Systematics and Statistics

Overview

Teaching: 90 min
Exercises: 0 min

Questions

How are systematic variations handled in Coffea?

How do we perform statistical inference?

What tools do we use?

How do we visualize and interpret our results?

Objectives

Explore some examples for adding systematic variations in Coffea

Learn how to construct statistical models.
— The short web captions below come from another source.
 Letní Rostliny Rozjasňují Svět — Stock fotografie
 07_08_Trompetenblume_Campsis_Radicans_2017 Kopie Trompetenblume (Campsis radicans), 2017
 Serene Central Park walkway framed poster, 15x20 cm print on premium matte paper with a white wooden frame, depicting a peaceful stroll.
Learn how to interpret these statistical models.

Systematics in Coffea

In an analysis such as this one there are many systematics to consider, both experimental and theoretical (as encapsulated in the MC). For the former these include trigger and selection efficiencies, jet energy scale and resolution, b-tagging and misidentification efficiencies, and integrated luminosity. The latter can include uncertainties due to choice of hadronizer, choice of generator, QCD scale choices, and the parton shower scale. This isn’t a complete list of systematics and here we will only cover a few of these.
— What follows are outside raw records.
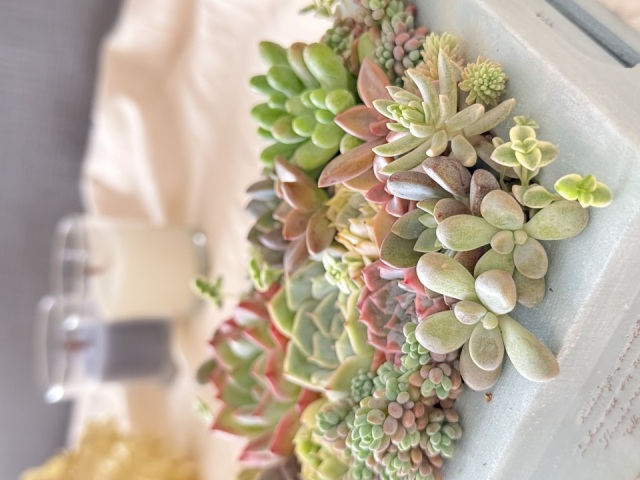 【NEW】はじめての多肉植物 寄せ植えレッスン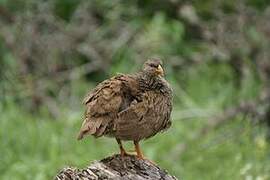 Natal Spurfowl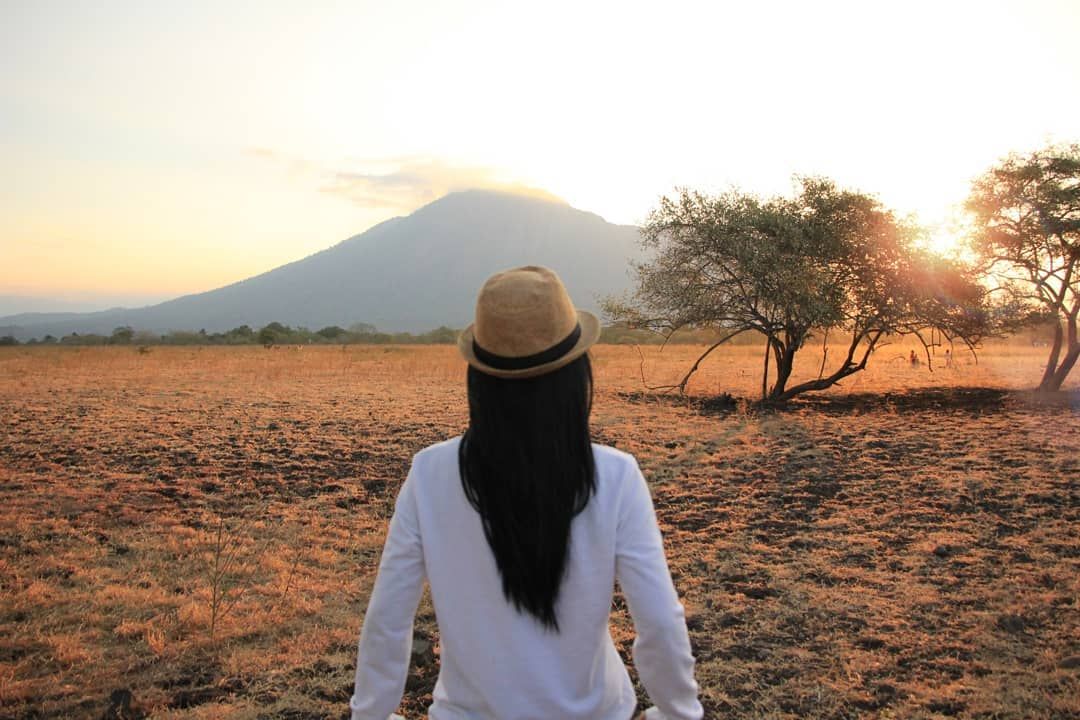 savana Bekol di Taman Nasional Baluran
Let’s explore the different ways in which one can introduce the estimation of systematic uncertainties in Coffea. A few examples, which are relevant for our analysis, have been implemented by the original \(t\bar{t}\) AGC demonstration. Of course, they are part of our coffeaAnalysis_ttbarljets.py code. Let’s explore the different pieces:

Before, we begin, note that a multidimensional array for histograms has been booked:

#--------------------
    def __init__(self):
    #--------------------
        num_bins = 25
        bin_low = 50
        bin_high = 550
        name = "observable"
        label = "observable [GeV]"
        #https://hist.readthedocs.io/en/latest/user-guide/quickstart.html
        #StrCat = StrCategory
        #https://hist.readthedocs.io/en/latest/banner_slides.html?highlight=StrCategory#many-axis-types
        self.hist = (
            hist.Hist.new.Reg(num_bins, bin_low, bin_high, name=name, label=label)
            .StrCat(["4j1b", "4j2b"], name="region", label="Region")
            .StrCat([], name="process", label="Process", growth=True)
            .StrCat([], name="variation", label="Systematic variation", growth=True)
            .Weight()
        )

The different processes (associated with our main datasets for data, signal and backgrounds) and variations (also datasets but variations of the nominal one) are passed to the Processor:

 #-------------------------
    def process(self, events):
    #-------------------------
        histogram = self.hist.copy()

        process = events.metadata["process"]  # "ttbar" etc.
        variation = events.metadata["variation"]  # "nominal", "scaledown", etc.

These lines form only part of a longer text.